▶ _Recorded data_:
--------------------------------
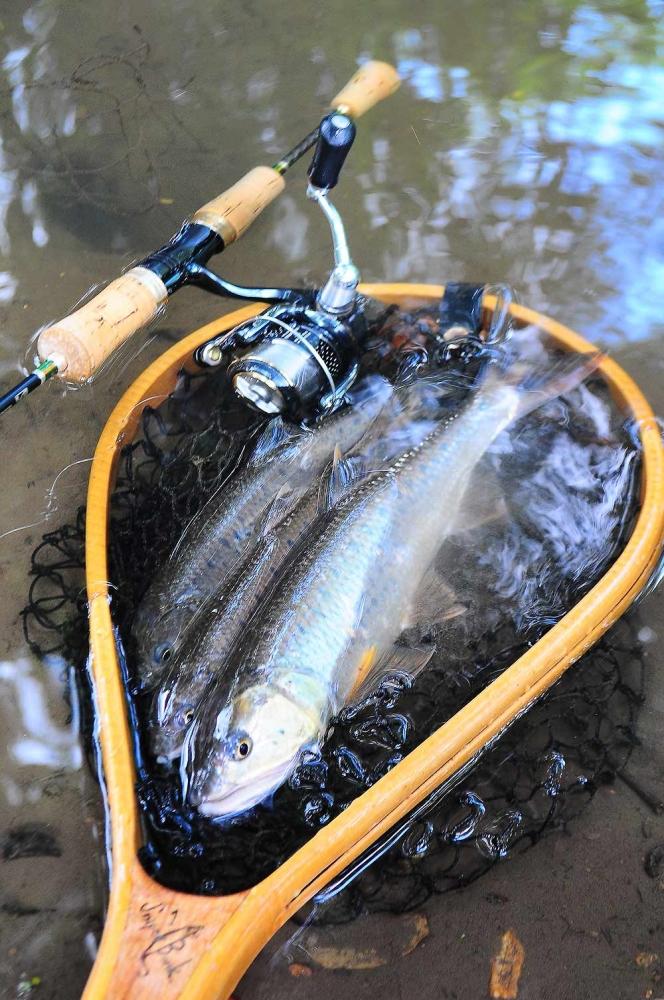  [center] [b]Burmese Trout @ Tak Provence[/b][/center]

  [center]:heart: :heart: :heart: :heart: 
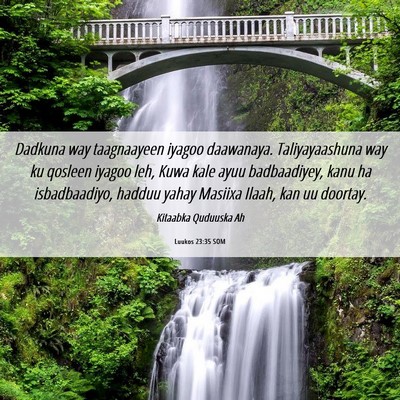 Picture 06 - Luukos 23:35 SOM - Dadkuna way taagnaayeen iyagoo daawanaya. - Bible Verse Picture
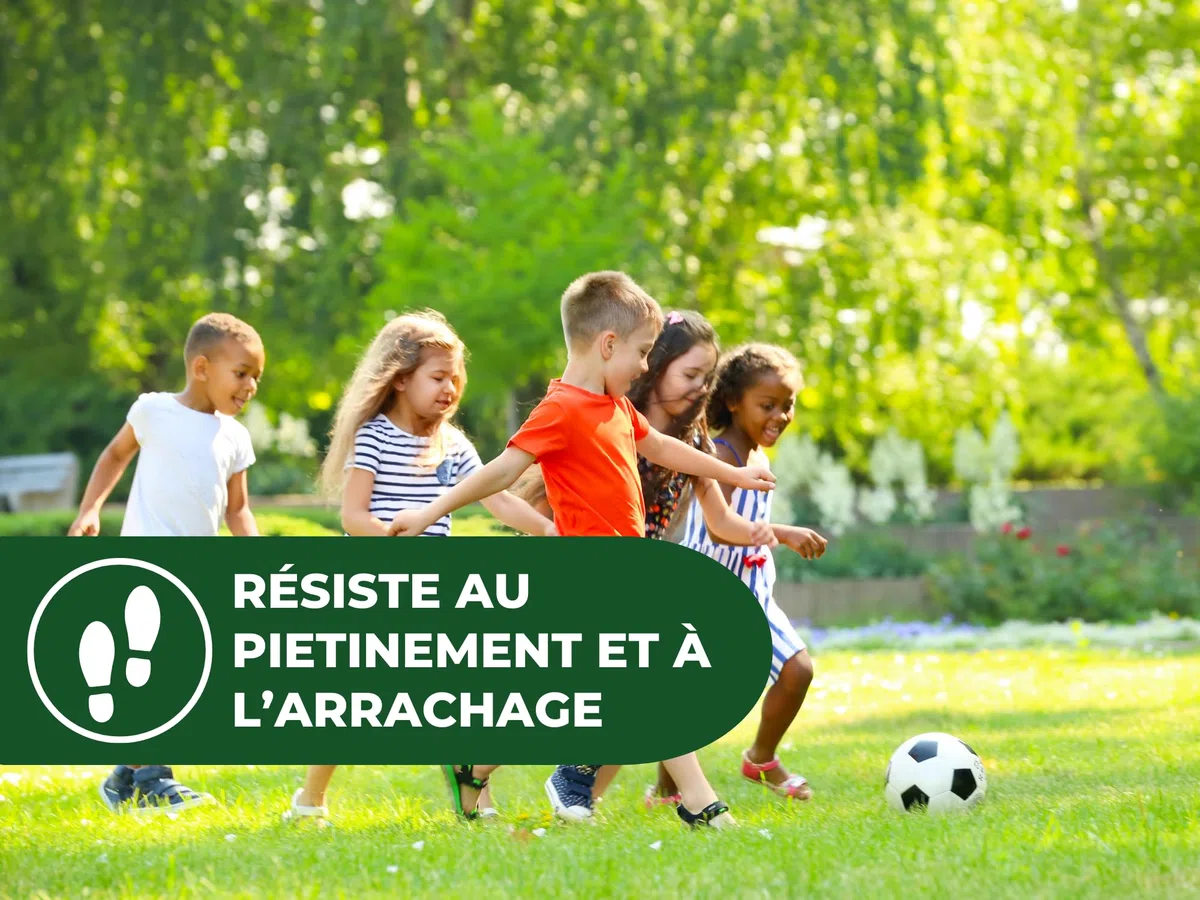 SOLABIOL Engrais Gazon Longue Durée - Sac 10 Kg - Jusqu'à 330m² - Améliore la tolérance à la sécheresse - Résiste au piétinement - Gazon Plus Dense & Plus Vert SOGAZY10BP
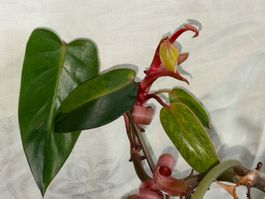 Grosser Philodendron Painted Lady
--------------------------------
▶ _Your instructions_: Write out exactly the lines from the one that contains "Picture 06 - Luukos" through the last line of the data above, both included. Leave every picture out.

▶ _Response area_:
 Picture 06 - Luukos 23:35 SOM - Dadkuna way taagnaayeen iyagoo daawanaya. - Bible Verse Picture
 SOLABIOL Engrais Gazon Longue Durée - Sac 10 Kg - Jusqu'à 330m² - Améliore la tolérance à la sécheresse - Résiste au piétinement - Gazon Plus Dense & Plus Vert SOGAZY10BP
 Grosser Philodendron Painted Lady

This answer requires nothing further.